Vergissen is menselijk. Toen de ethnograaf Sándor Solymossy op een van zijn reizen over het eindeloze Hongaarse platteland in 1930 in Szatmárcseke verzeild raakte en daar de eigenaardige, wel wat op een roeiboot lijkende grafmonumenten zag, dacht hij -begrijpelijk- direct aan de oude Ostjaakse en Wogoelse gewoonte om doden in een in tweeën gezaagde roeiboot te begraven. De conclusie lag voor de hand: met hun manier van begraven zetten de boeren van Szatmárcseke, zonder dat uiteraard zelf te weten, een oeroude gewoonte voort, die nog moest stammen uit de tijd dat de Hongaren met de Ostjaken en de Wogoelen één finugrisch volk hadden gevormd. Het enthousiasme over de vondst was groot, vooral omdat de geleerde zijn oer-Hongaarse vondst uitgerekend gedaan had op de begraafplaats waar Ferenc Kölcsey, de dichter van het Hongaarse volkslied, begraven lag.
Toen anderen de begraafplaats 30 jaar later nogeens critisch bekeken, viel het mooie verhaal in duigen. De versiering van de grove grafpalen verwees onmiskenbaar naar de barok en er was geen enkele aanwijzing te vinden dat zulke folkloristische palen in Szatmárcseke ook voor die tijd in omloop waren geweest.

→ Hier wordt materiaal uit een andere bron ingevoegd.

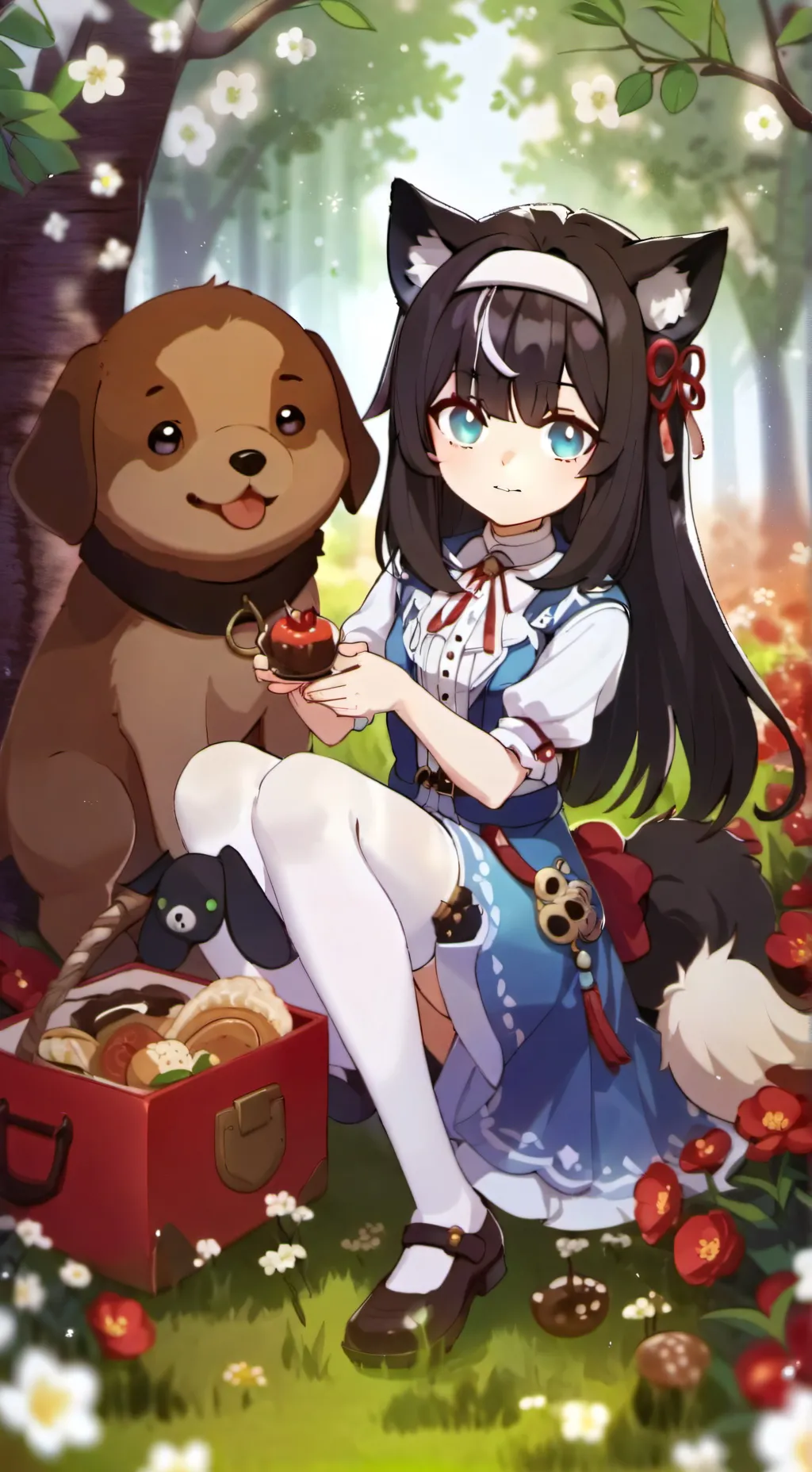 ai character: pup pup background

Nog zo’n vergissing. Sinds het eind van de vorige eeuw is het gebruikelijk om te veronderstellen dat de Hongaren in de tijd dat ze nog op de Zuidrussische steppe woonden, sjamanen in hun midden hadden, een soort tovenaars eigenlijk die een bijzonder vermogen bezaten om met de bovenmenselijke machten in contact te treden en bijvoorbeeld zieken te genezen. Wijze mannen en vrouwen die tot nog niet zo lang geleden overal op het platteland voorkwamen en die onder meer voor medische problemen werden geraadpleegd, zouden deze oeroude barbaarse traditie hebben voortgezet. Logisch! Dat wil zeggen, dat zou het zijn, als niet de bekendste sjamaan van Hongarije uitgerekend een jood geweest was: de in Nagykálló residerende wonderrabbi Eizik Taub, wiens graf trouwens nog steeds druk wordt bezocht.
Vergissingen als de bovenstaande komen voort uit de opvatting, dat er ergens onder het door de geschiedenis en de beschaving gecorrumpeerde deel van de bevolking een gewoon ‘volk’ bestaat, dat daarvan verschoond is gebleven, dat als het ware in een eeuwig heden leeft en daar zonder moeite zijn ziel čn allerlei folkloristische gewoonten in zuiverheid bewaart.
Deze gedachtengang dateert uit de romantiek en was sindsdien telkens populair in tijden dat de geschiedenis en de cultuur in een kwade reuk kwamen te staan.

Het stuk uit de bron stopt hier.